Ação no Ministério Público

 

A posição da Prefeitura, no entanto, não tem agradado os opositores da construção da usina, sobretudo quando a Secretaria de Meio Ambiente alega não poder fazer muita coisa e que a implantação da usina no local foi licenciada pelo Instituto Estadual do Ambiente (Inea): "O projeto não foi discutido com a população. Ainda que a legislação ambiental estadual diga que não precisa ter audiência pública, a Prefeitura deveria ter exigido isso porque está dentro de uma Área de Proteção Ambiental. O Inea ainda não se pronunciou e só vai se pronunciar na medida em que a gente dê entrada com o processo no Ministério Público", diz Mauricio Ruiz.

A mobilização deve crescer nos próximos dias, diz o ambientalista, quando a luta contra a usina será levada à Justiça: "A população está extremamente mobilizada e lançou um abaixo-assinado que já conta com quase 5.000 assinaturas. Está todo mundo muito indignado com o que está acontecendo. Vamos entregar o processo ao Ministério Público e vamos continuar a fazer pressão".

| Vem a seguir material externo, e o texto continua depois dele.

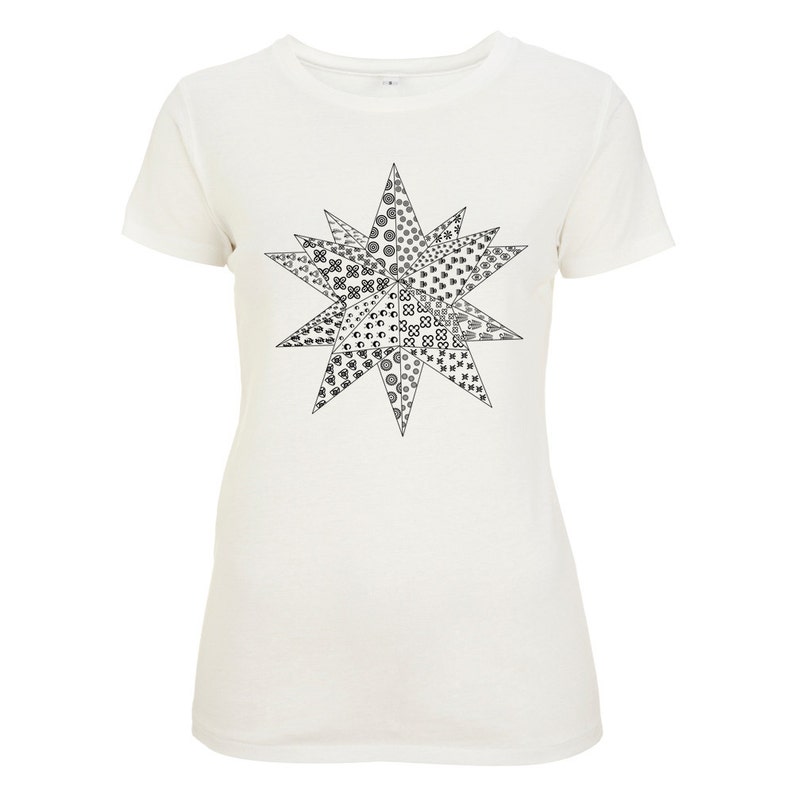 African graphic tee, Black Star Adinkra t-shirt White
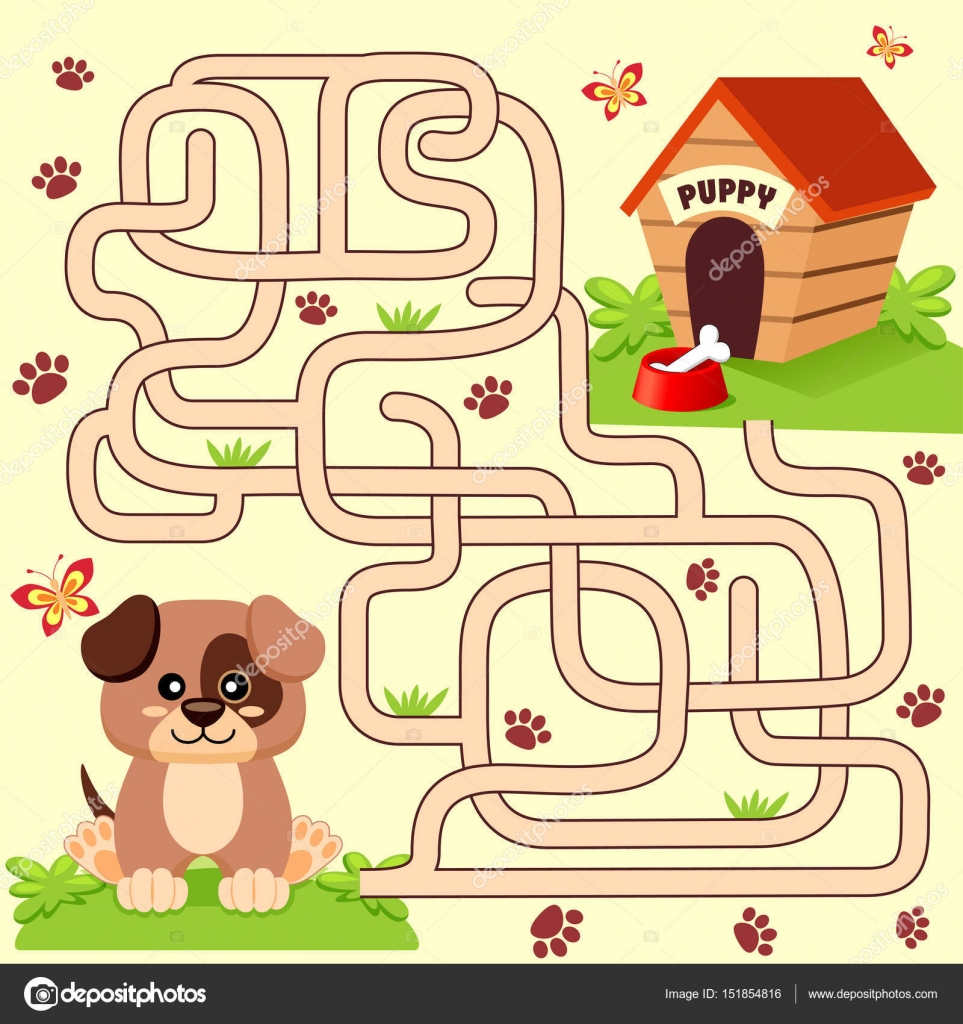 Labyrinth maze game with solution help dog Vector Image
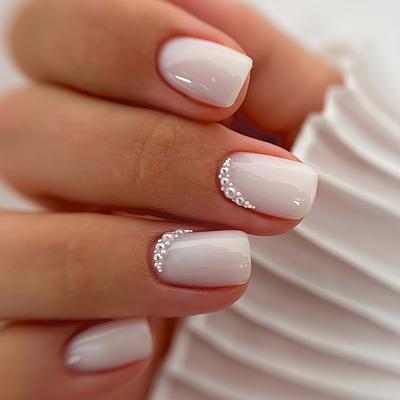 TEMU 24pcs Elegant Square Press-on Nails, Fair Nude With Rhinestone Accents & Glittery White - Chic And For Weddings And Stylish Women, Nail Art Image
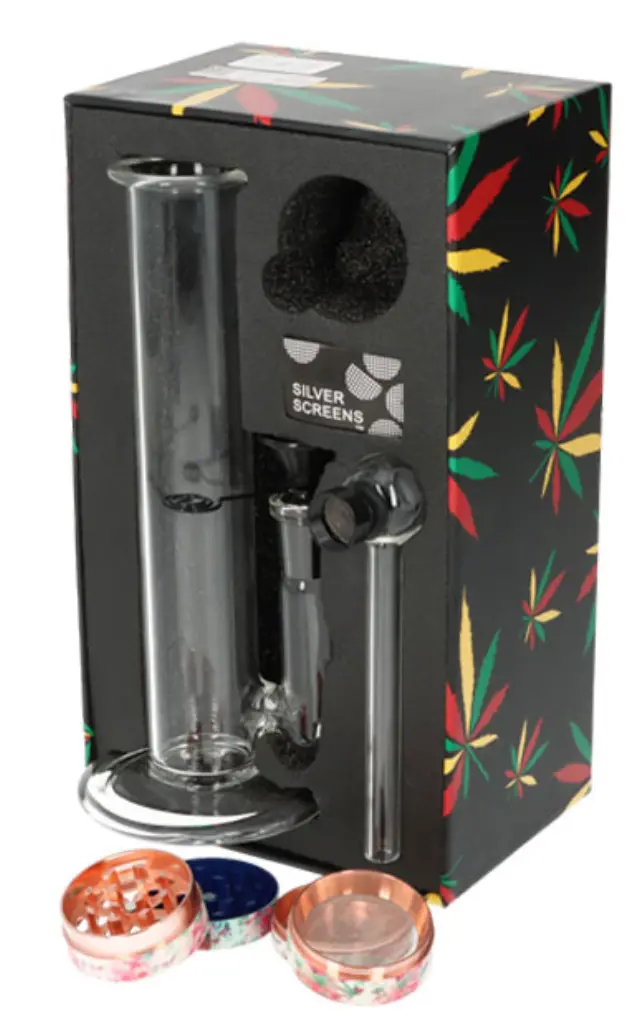 Bong Σετ «Rasta Leaf» με Bong 20cm, Grinder, Πιπάκι και Σίτες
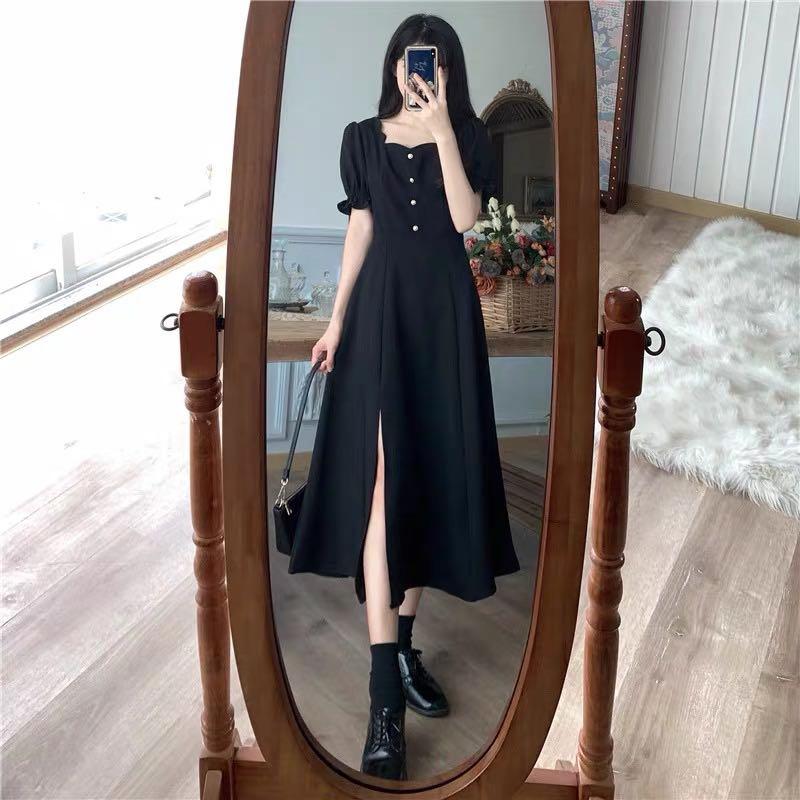 The Black Round Neck Long Sleeve Sweater Dress - Women's Backless Sweater  Long Sleeve Dress - Black - Dresses | RIHOAS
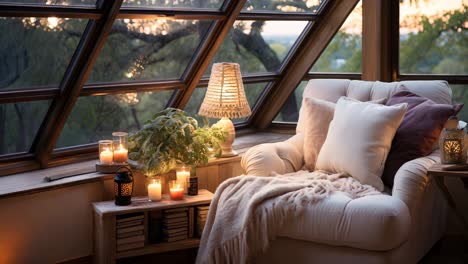 cozy reading nook with candles and greenery at sunset in a glass room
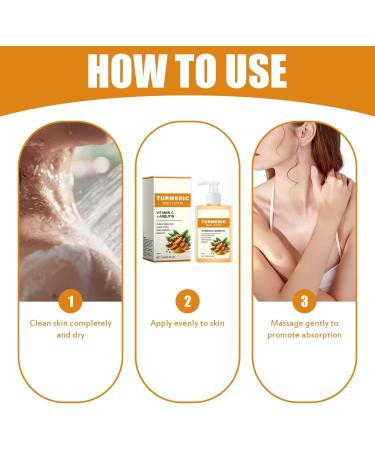 Turmeric Body Lotion Vitamin C Cream with Turmeric for Body Turmeric Body Lotion Remove Dark Spots Dry Skin Cream (3pc) - Buy Online on GoSupps.com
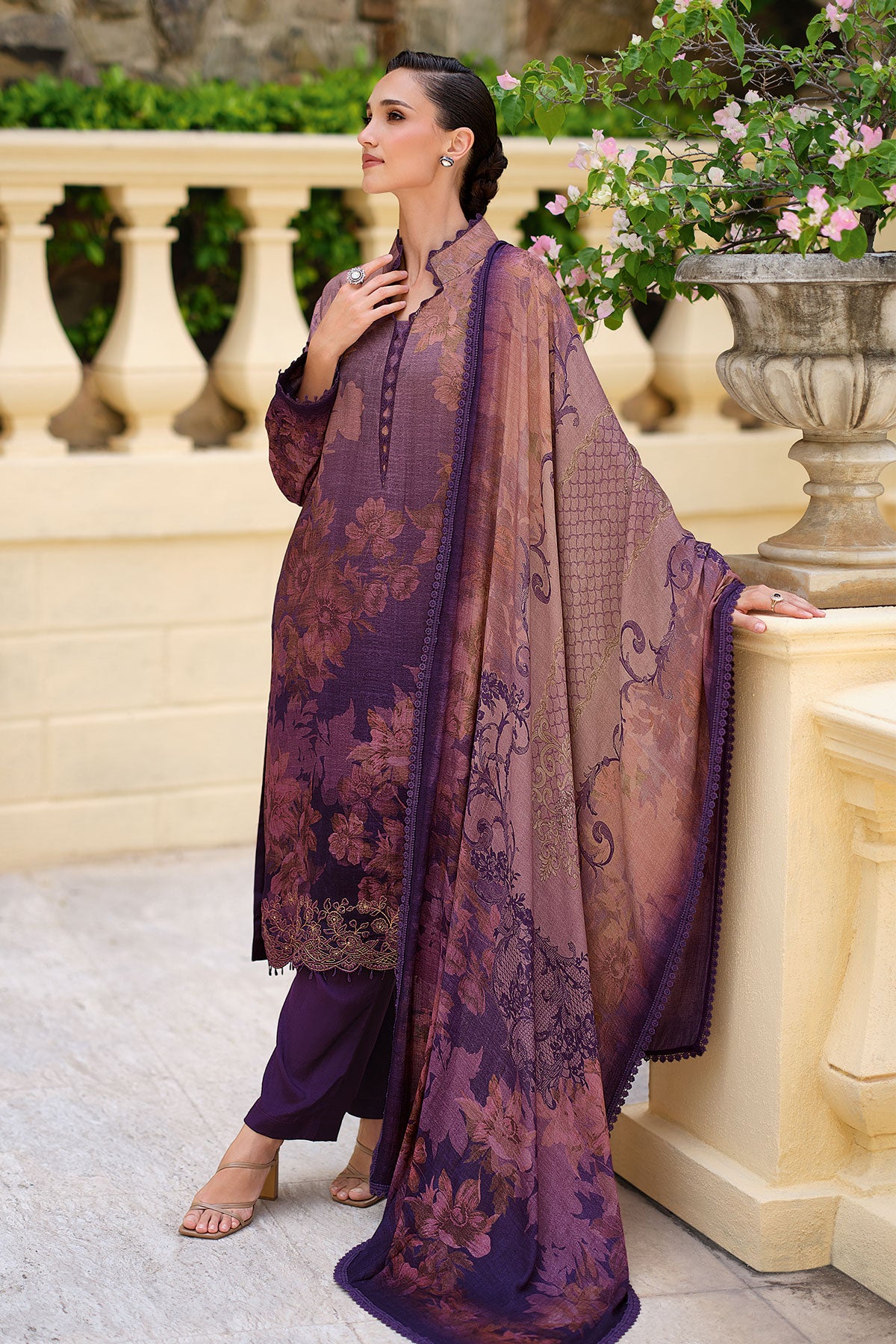 Wine Pashmina Printed and Lace Threadwork Embroidered Suit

A maioria do povo miguelense, finaliza Ruiz, quer que a cidade cresça do ponto de vista econômico, mas sem macular seu maior patrimônio, que é o meio ambiente: "Ninguém é contra o desenvolvimento. Mas, Miguel Pereira tem o terceiro melhor clima do mundo, é o lugar do verde, é o lugar da qualidade de vida. Querem transformar Miguel Pereira em uma cidade sem lei, aonde tudo que temos de mais belo é destruído. Nós não vamos aceitar".